At his meeting with visiting Myanmar (Burma) State Counselor Aung San Suu Kyi on September 14, President Obama announced that he intends to issue a new Executive Order that will generally remove longstanding U.S. sanctions on Burma. Given further progress in Myanmar’s transition to a democracy, he argued that “it is the right thing to do in order to ensure that the people of Burma see rewards from a new way of doing business and a new government.” He pointed out as well that “a lot of work remains to be done but it’s on the right track.”
In her response, Aung San Suu Kyi stated that “the time has now come to remove all the sanctions that hurt us economically because our country is in a position to open up to those who are interested in taking part in our economic enterprises.” She committed to “continue with our efforts to amend the constitution to make our country the truly democratic union that our founding fathers dreamt of.”

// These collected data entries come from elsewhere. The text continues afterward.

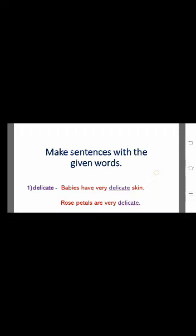The first word is delicate. A sample sentence is: 'Babies have very delicate skin.' Or: 'Rose petals are very delicate.' Start the sentence with a capital letter, end it with a full stop, and underline the word delicate. The second word is agree. Sample sentences: 'I always agree with my parents.' or 'I never agree with my friends if they are wrong.' Start with a capital letter, end with a full stop, and underline the word agree.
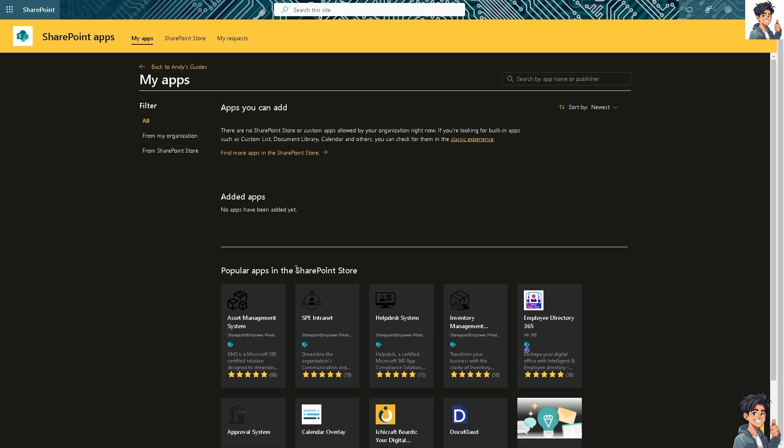Now, users in particular are generally more familiar and comfortable with desktop applications. Opening files in the desktop app by default reduces the learning curve and improves productivity as users can leverage features they are accustomed to. Now, how do we do that? Basically, if you're here already on your SharePoint account,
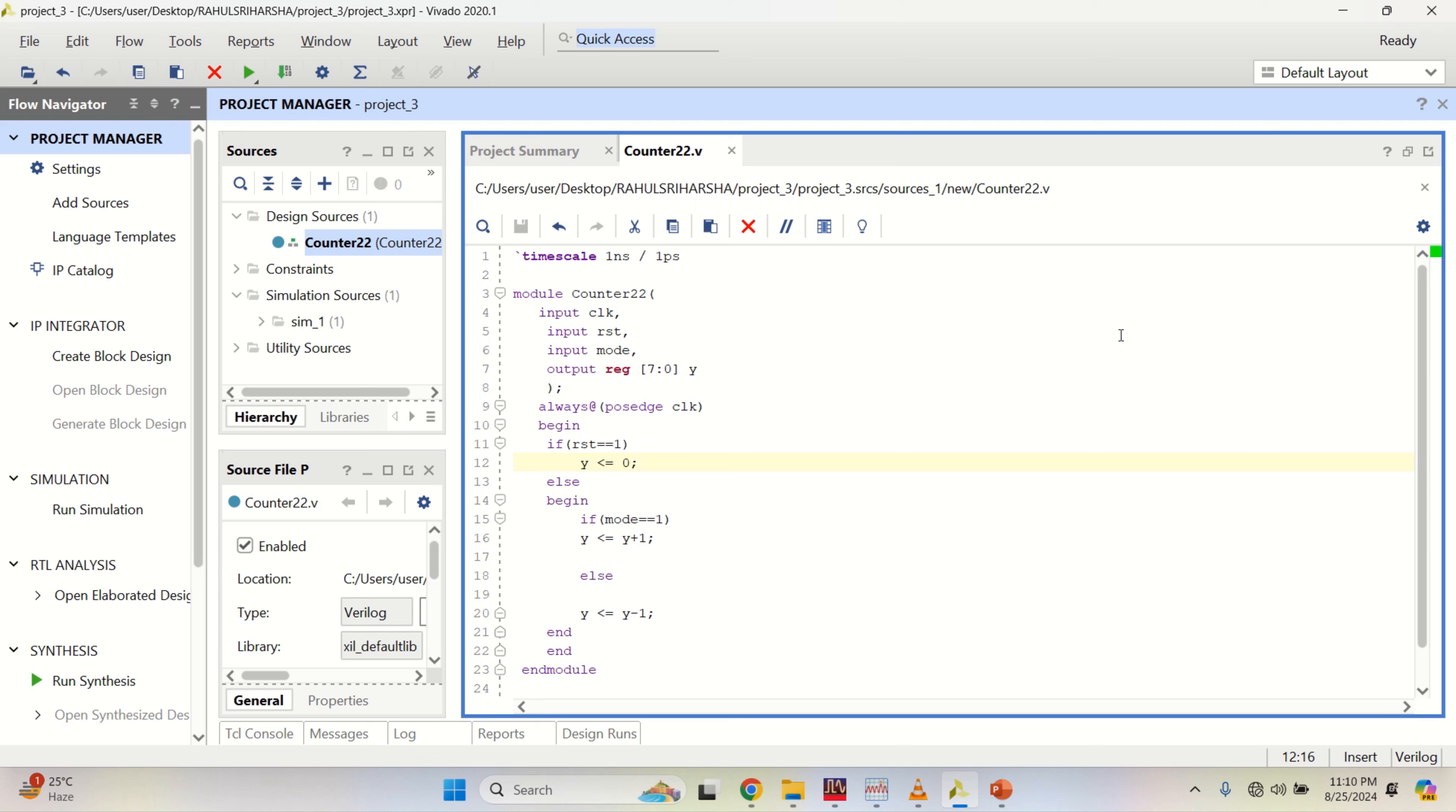Welcome to my channel. This video explains how to add a configurable parameter to an IP using Xilinx Vivado tool. A new project is created with 8-bit up-down counter as a module using Verilog HDL.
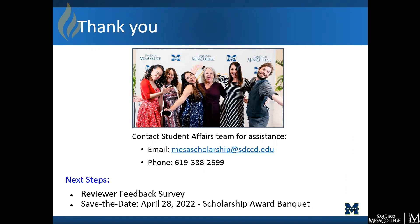Here is our email and phone number for you to keep handy. Also, some next steps to remember: you will receive a reviewer feedback survey coming out later on. Remember to save this important date — April 28th is our scholarship award banquet, and we look forward to hopefully seeing you all there. Thank you so much for participating in this very important role as scholarship reviewer. We look forward to assisting you if you have any questions. Have a great day. Thank you. Bye.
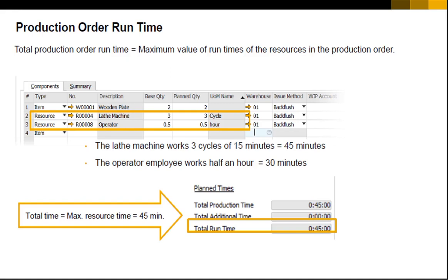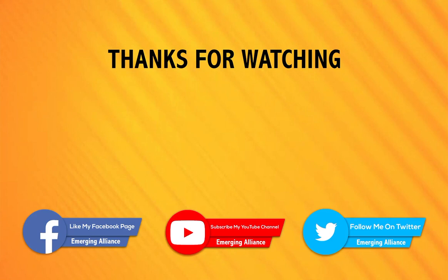The total run time of the production order equals the maximum resource production time, which is 45 minutes. Note that this scenario is for a non-routing production order. Thanks for watching this video — do write to us for any queries.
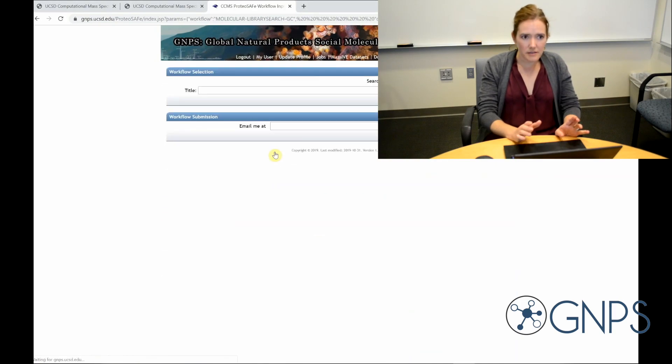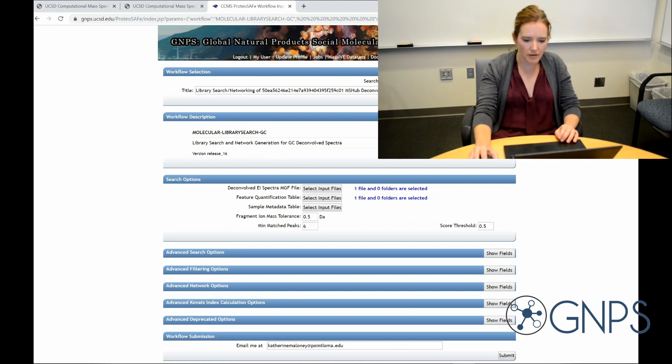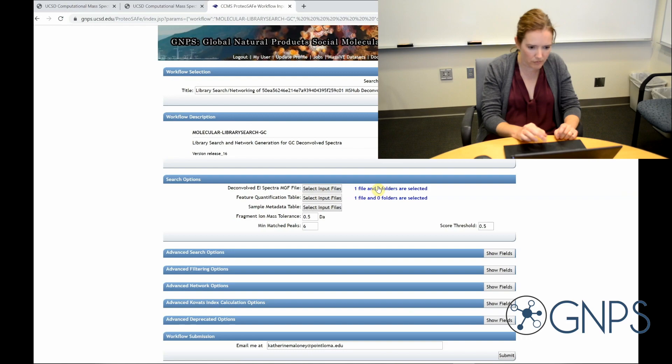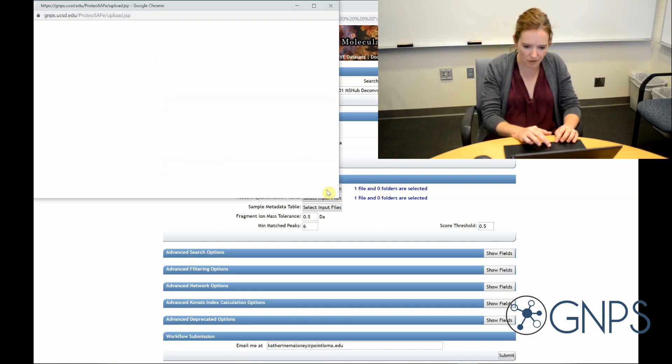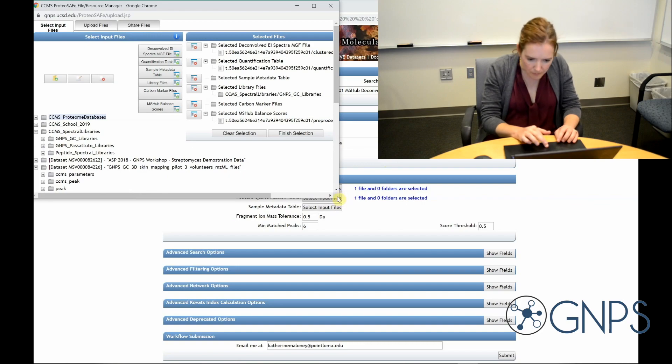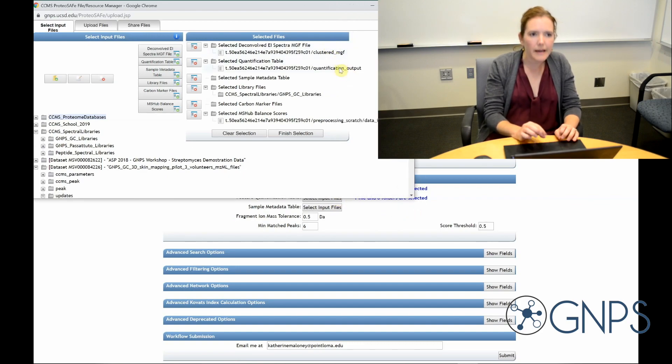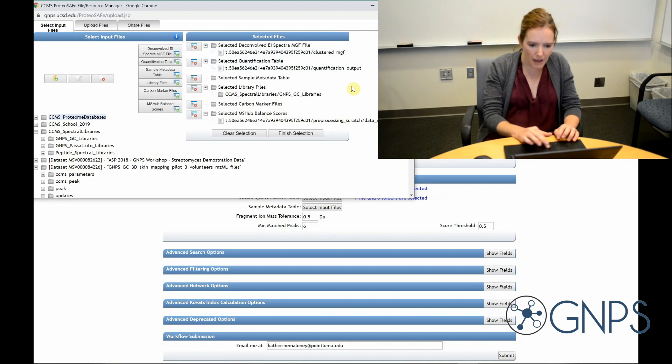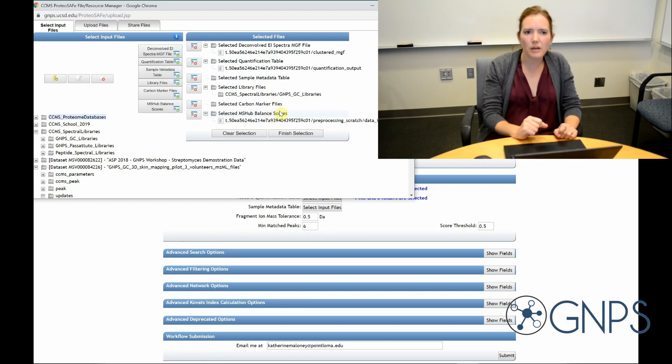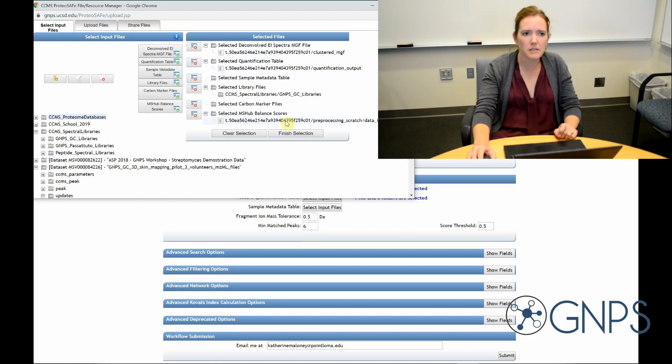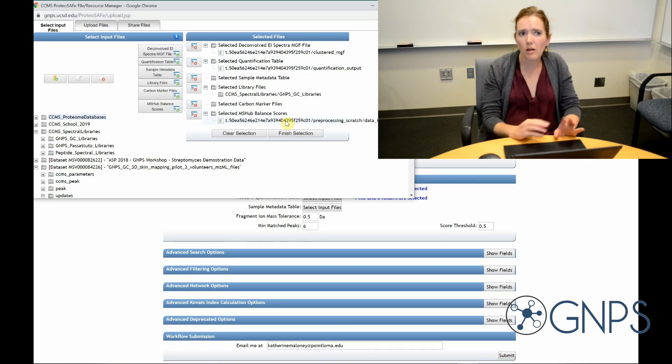This creates a GNPS job and it's automatically supplying the mgf file and feature table files that I generated before. So we can see here, if I click select input files, here's that mgf file from the deconvolution along with my quantification table. Because I used mshub for the deconvolution, it also supplies information for something called balance scores. The balance score gives information about the consistency of the spectral pattern across my data. So if I have a high balance score, that indicates that the spectra are reproducible. A low balance score indicates that the spectra are inconsistent or change from sample to sample. And that's an indication that they might just be noise. If I were to perform the deconvolution using a different tool, I don't have to supply this information.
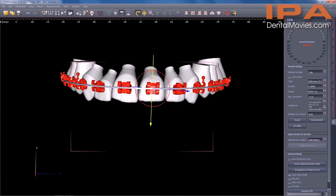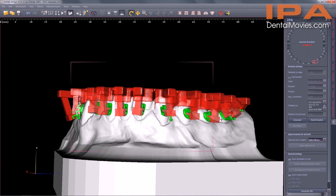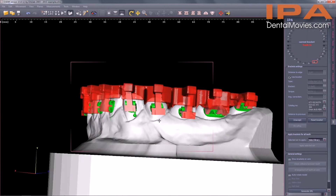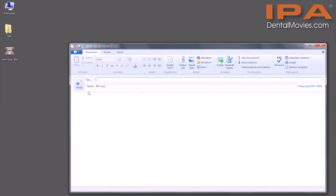Equally as important as the planning is the execution of the treatment plan. The IPA system offers ultimate precision thanks to its position-in jigs for indirect bracket bonding. The jigs are fabricated on the basis of the positions of the brackets planned by the dentists. A file with the final data including the model and bracket positions must be transferred to the laboratory for the purposes of fabricating the IPA kit.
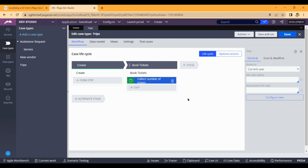We will enter a number of tickets automatically. We will show you how to make a first name and last name, how to create a page and a property. I am taking a trip as a case — movie ticket booking as a stage, and collect number of tickets as a step.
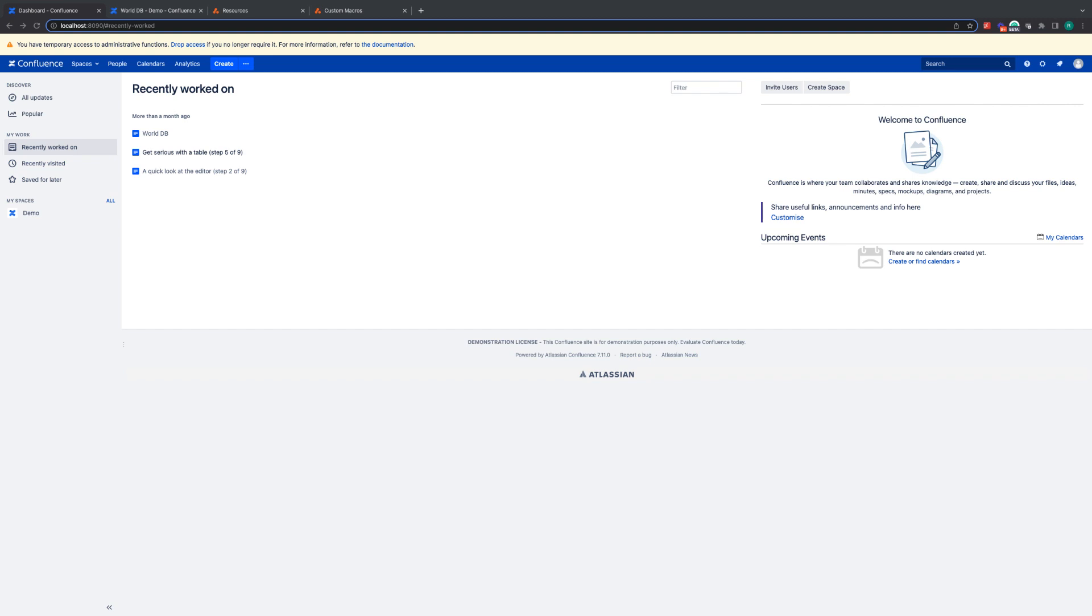Hello, my name is Bobby and today I'm going to be taking you through a worked example using ScriptRunner for Confluence Data Center.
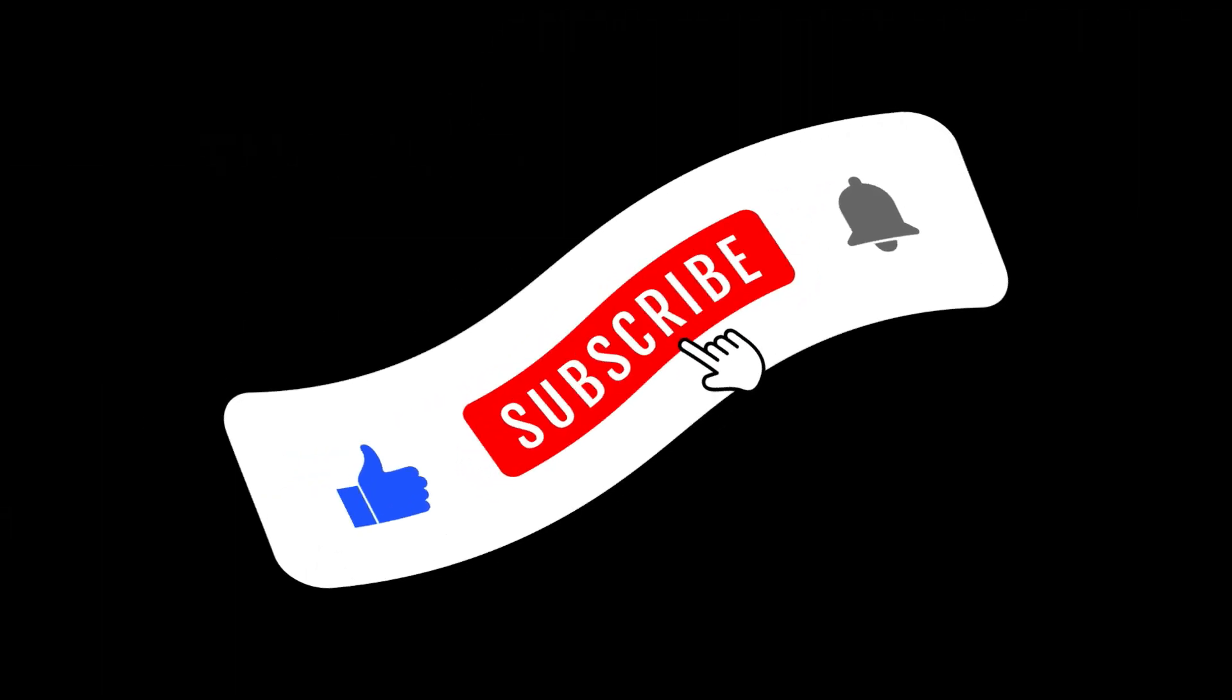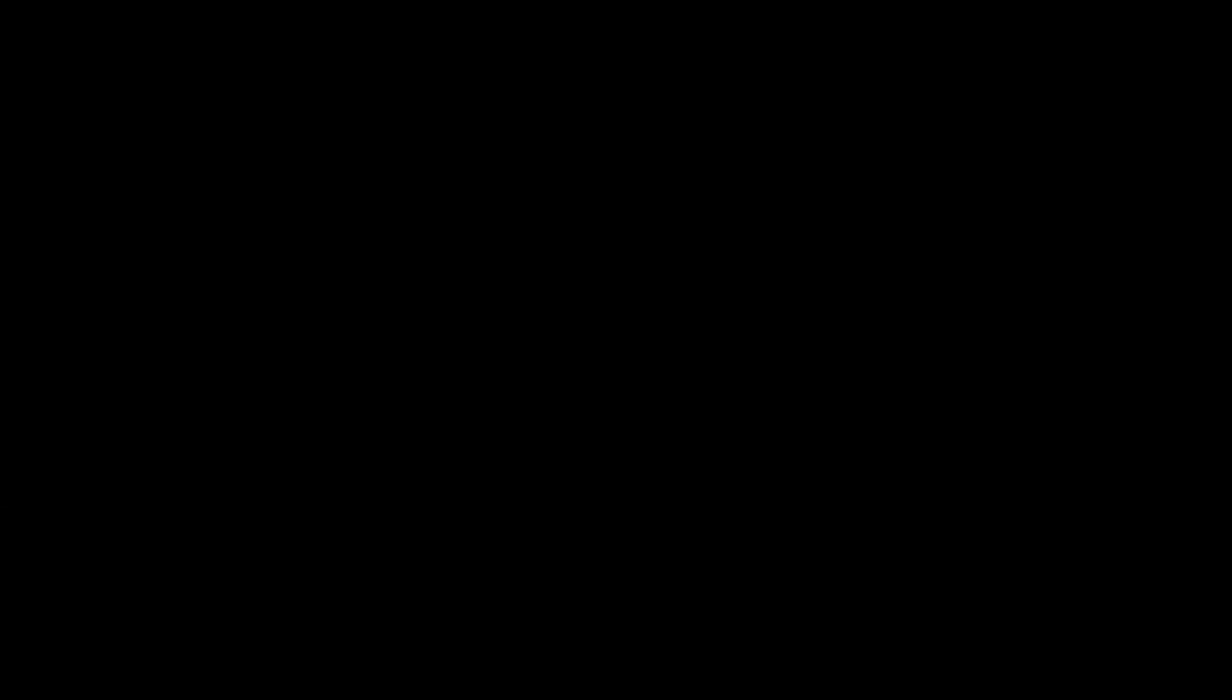Thank you for joining me, your go-to channel for all things stimulus checks and personal finance tips. And don't forget to like and subscribe to our channel.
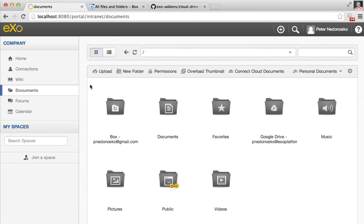That's all for the moment. Stay tuned on the eXo community site in the space of the Cloud Drive extension for new updates and news of this add-on. Thank you.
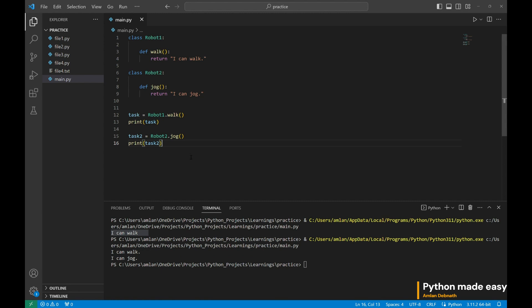Now we can see robot2 can jog. Now, this robot2 who can jog should also have the functionality to work. If it can run fast, it should be able to work slowly, right? So it can inherit all the features of the robot one. How to do that one?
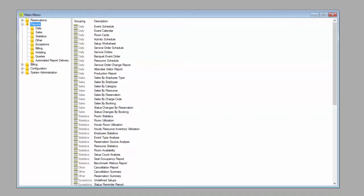One of EMS's strongest features is its reporting capability. EMS has well over 120 reports, not counting the different formats that each report can be run in.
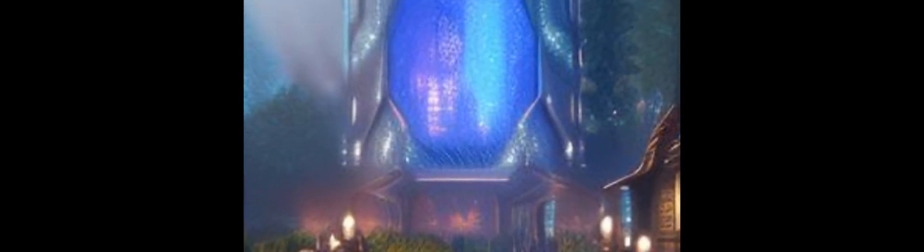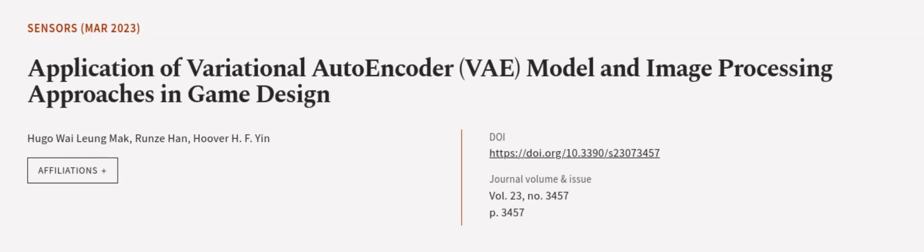This article was authored by Hugo Wu Loong Mak, Rustan Han, and Hoover H. F. Yin. We are article.tv, links in the description below.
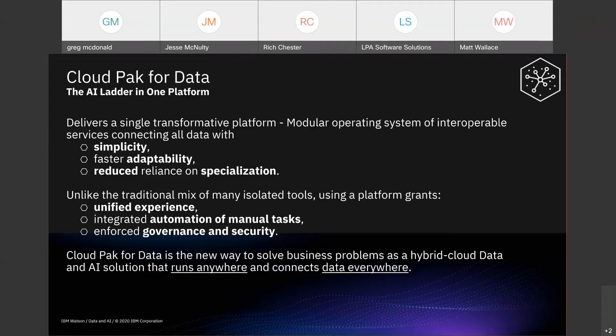We see our customers with a mix of isolated tools, and Cloud Pack for Data brings them all together into one common fabric of AI services. The result is a unified experience, cost reduction from automation of manual tasks, and enforced data governance and security.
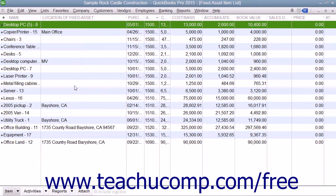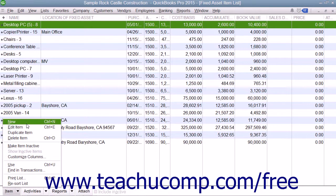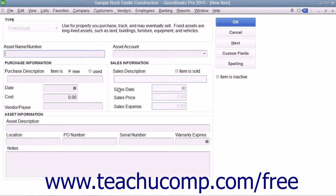To add a fixed asset item, click the Item button in the lower left corner of this list and select New from the pop-up menu. That will launch the New Item window. Enter the asset information you wish to record into this screen and click the OK button when you are finished.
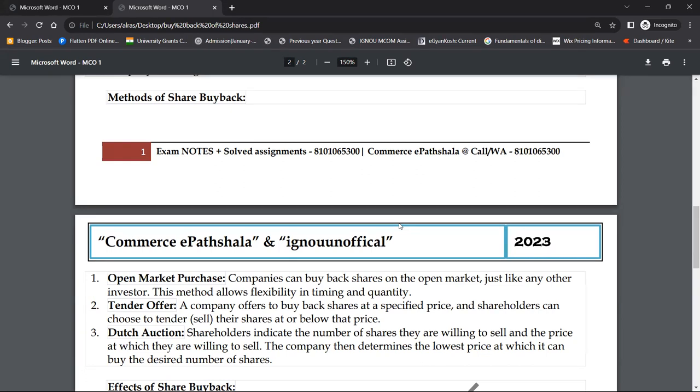दूसरा method है tender offer — यहाँ पर company को offer issue करना होता है कि हम अपने shares को वापस इस price पर purchase करने वाले हैं। A company offers to buy back shares at a specified price — अगर किसी shareholder को sell करना है तो वो कर सकता है। Shareholders can choose to tender their shares at or below that price — उससे ज़्यादा पर नहीं, क्योंकि company ने already एक tender offer दे दिया है।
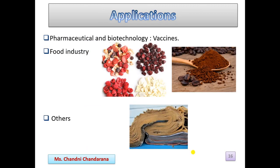Applications of lyophilization include pharmaceutical uses such as increasing shelf life of vaccines and injectable preparations, food industry uses such as freeze-dried fruits and instant coffee powder, chemical synthesis, and recovery of water-damaged books and documents.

Immediately following this, the U.S. Treasury’s Office of Foreign Asset Control (OFAC) posted on its website that: “The President has announced his intention to terminate the national emergency with respect to Burma. His decision will be legally effective when he issues a new Executive Order terminating that national emergency and revoking the Burma Executive Orders. At that time, the sanctions imposed under OFAC’s Burmese Sanctions Regulations will no longer be in effect. OFAC will formally remove the Burmese Sanctions Regulations from the Code of Federal Regulations and take other administrative actions as necessary. Other departments and agencies will implement additional changes that will be announced on their websites as appropriate.”
What follows?
The expectation is that the President will issue this new Executive Order fairly shortly, possibly within the next week or two. It is expected that this will remove the bulk of remaining U.S. economic sanctions on Burma, in particular, the prohibition on dealing with many of the hundred or so Burmese parties currently on the List of Specially Designated Nationals and Blocked Persons (SDN) list under the Burma sanctions program and the entities in which they own a majority interest. This also is expected to lift sanctions on the export of financial services to Burma’s Defense Ministry in connection with the provision of security services, and allow the import of minerals such as jadeites and rubies from Myanmar into the United States. U.S. sanctions affecting Burmese persons and companies designated under other laws, e.g., related to trade with North Korea or drug trafficking, are expected to remain. OFAC will be providing more detailed and precise explanations following the issuance of the new Executive Order, presumably also to address whether existing reporting obligations associated with new investment in Burma will be phased out.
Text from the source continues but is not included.